The campaign, titled "Don't Fall for It", will focus on falls from heights, which were responsible for nearly half the construction site deaths in the Republic last year.
About 500 inspections will be carried out in the first half of June and offenders will face closures and, where appropriate, prosecution, the authority warned yesterday.
However, a SIPTU official, Mr Eric Fleming, said the HSA did not have sufficient resources to carry out its mandate. He expressed concern that the campaign might be a "flash in the pan".
Despite a series of measures to address the problem, lack of safety continues to be a major problem on construction sites.
Nine people have been killed in site accidents this year, putting the sector on course to record a higher death toll than the 22 killed last year.
April and May have been particularly black months for the industry, with six fatalities having occurred in the past two months.
In the most recent incident, on May 14th, a Kerry County Council worker, Mr Thomas Flaherty, was killed when a steamroller backed into him as he was directing traffic at a roadworks site. He was 54 and had five children.
Announcing the new campaign yesterday, Mr Frank Cunneen, chairman of the HSA, said "a blitz of inspections" would be carried out throughout the State. "Our inspectors will not be slow to use the powers available to them where they see breaches of health and safety legislation."

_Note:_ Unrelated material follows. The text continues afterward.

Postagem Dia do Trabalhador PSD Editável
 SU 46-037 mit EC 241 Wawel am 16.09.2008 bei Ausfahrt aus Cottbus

The inspection blitz would be just one element of a comprehensive programme of activities aimed at improving safety in the industry, from design stage to construction. Another would be the distribution of 4,000 copies of a booklet, The Absolutely Essential Health and Safety Toolkit for the Smaller Construction Contractor, by HSA inspectors. That initiative is sponsored by the Construction Industry Federation.
The campaign would continue into July, said Mr Cunneen, when a report on the inspection blitz would be published. "This report will outline the inspection findings, which will be made widely available in an effort to further highlight the issues which must be addressed." Phase two of the campaign would be launched in the autumn, he said, which would kick off with a second inspection blitz and further awareness-raising initiatives.
Mr Fleming, SIPTU's construction branch secretary, who attended the campaign launch in Dublin, said that with "all the will in the world" the HSA could not "do what needs to be done" without sufficient resources.
Only 4,500 inspections were planned for this year, he said, compared with a targeted figure of 8,000 three years ago.
Mr Tom Beegan, the HSA chief executive, said there was a rationale behind reducing the number of inspections. Site inspections were just one element of the HSA's strategy and "not the full picture".
"Of course I would be much happier if I had more resources but I live in the real world. We have to keep improving our performance, but we have to do that within an existing or shrinking cost base. We'll rise to that challenge."
Mr Fergus Whelan of the Irish Congress of Trade Unions, a workers' representative on the board of the HSA, said the reduction in inspections had been discussed by the board.
There was now an increased focus, he said, on "higher-level prosecutions" and site closures.